Tuesday, October 21, 2008

CNN's John King: McCain writes off Colorado, New Mexico, Iowa

John King on CNN:

Most people top in the McCain campaign now believe New Mexico and Iowa are gone, that Barack Obama will win New Mexico and Iowa. They are now off the dream list of the McCain campaign. More interestingly, most top people inside the McCain campaign think Colorado is gone.

So they are now finishing with a very risky strategy. Win Florida. Win Nevada ... And here is the biggest risk of all -- yes they have to win North Carolina, yes they have to win Ohio, yes they have to win Virginia, trailing or dead-even in all those states right now. But they are betting Wolf on coming back and taking the state of Pennsylvania. It has become the critical state now in the McCain electoral scenario. And they are down 10, 12, and even 14 points in some polls there. But they say as Colorado, Iowa and other states drift away, they think they have to take a big state. 21 electoral votes in Pennsylvania, Wolf, watch that state over the next few weeks.

Iowa and New Mexico have been gone for some time. It made no sense for the McCain camp to be spending so much time and money in those states. And now, rather than try and hold some of their biggest Bush states, they are embarking on a crazy mission to wrestle Blue Pennsylvania away from Obama despite huge leads in the polls. In essence, they're shooting for this map:

Note that if they get Pennsylvania, they can still afford to lose Virginia or Missouri, as well as smaller states like Nevada and North Dakota. But do they really think they can make inroads in Pennsylvania?

The past week's polling:

Muhlenberg: O53, O41
SUSA: O52, M38
Marist: O53, O41
Strategic Vision (R): O54, M40
Rasmussen: O54, M41

That's remarkable consistency between the pollsters -- Obama between 52-54, and McCain between 38-41. There's nothing here to give McCain's campaign, or his supporters, hope that this strategy will pay off. Not to mention that they're investing so much time and money into Pennsylvania that it has given Obama an opening in places like Virginia, North Carolina, Georgia, Missouri, and so on. And Nevada is looking increasingly good -- pair up the Silver State with Missouri, Virginia, or North Carolina, and it matters little (for electoral purposes) what happens in Pennsylvania.

But it's not as if Democrats are sweating Pennsylvania. Word is out that Obama will quit campaigning in Blue states.
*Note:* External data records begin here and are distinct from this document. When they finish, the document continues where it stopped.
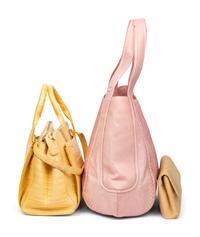 Nancy Gonzalez, Three Bags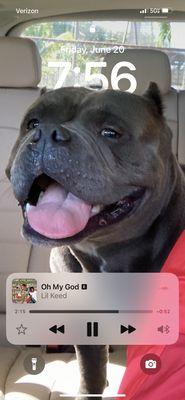 Premiere Dental Care Center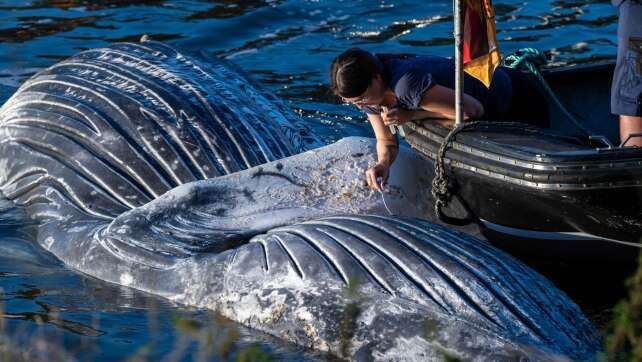Toter Buckelwal aus dem Wasser gehievt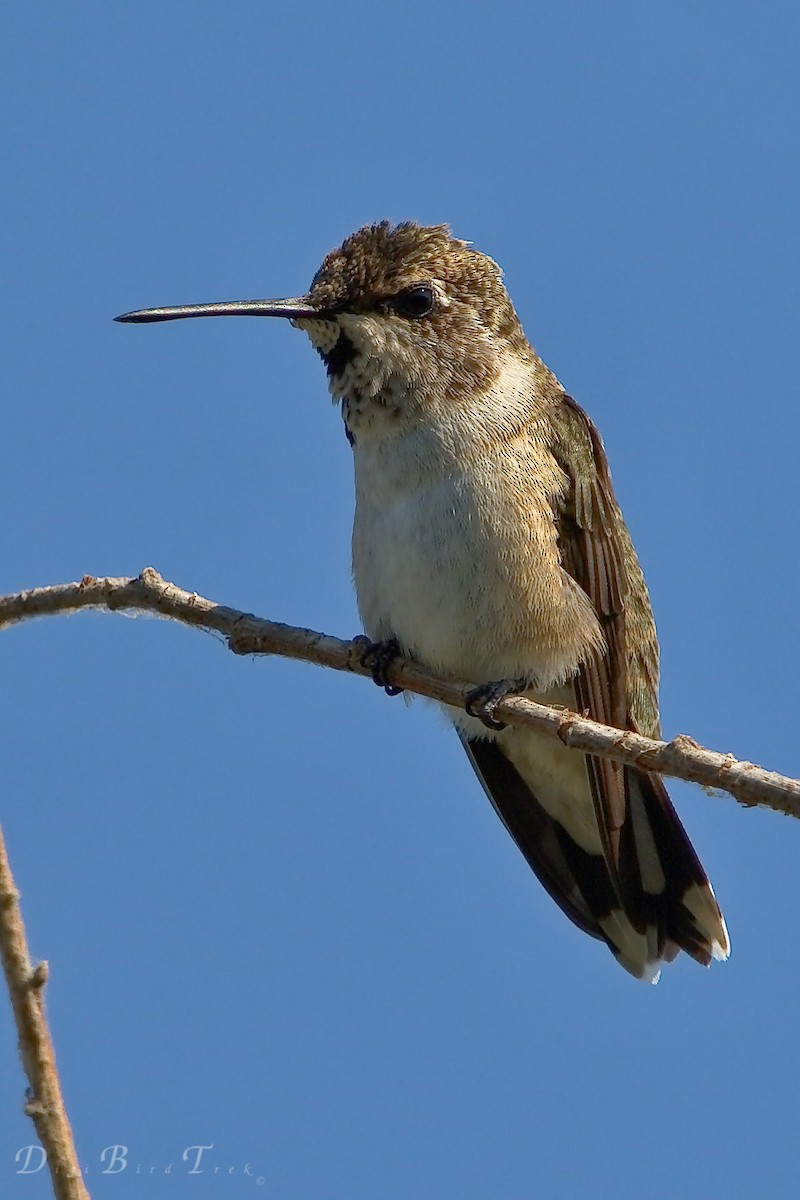 Black-chinned Hummingbird - DigiBirdTrek CA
He and his aides appear so confident of his prospects that apart from a brief stop in Madison, Wis., next Thursday, Obama currently has no plans during the next 10 days to return to Pennsylvania, Minnesota, New Hampshire or any other state that voted for John Kerry in 2004.

Instead, he intends to spend two days this week in Florida, where early voting begins on Monday, and travel to Virginia, Iowa, Ohio, Colorado, New Mexico and possibly Nevada and Indiana. Those states hold 97 electoral votes combined, and Bush all in 2004.

That Madison trip has been cancelled, as Obama has opened up a double-digit Wisconsin lead as well.

So McCain is betting everything on a state so pro-Obama, that Obama no longer plans on visiting it before Election Day. Meanwhile, our guy will be pushing deep into Red territory, working toward a broad popular and geographic mandate.

I love how things look two weeks out.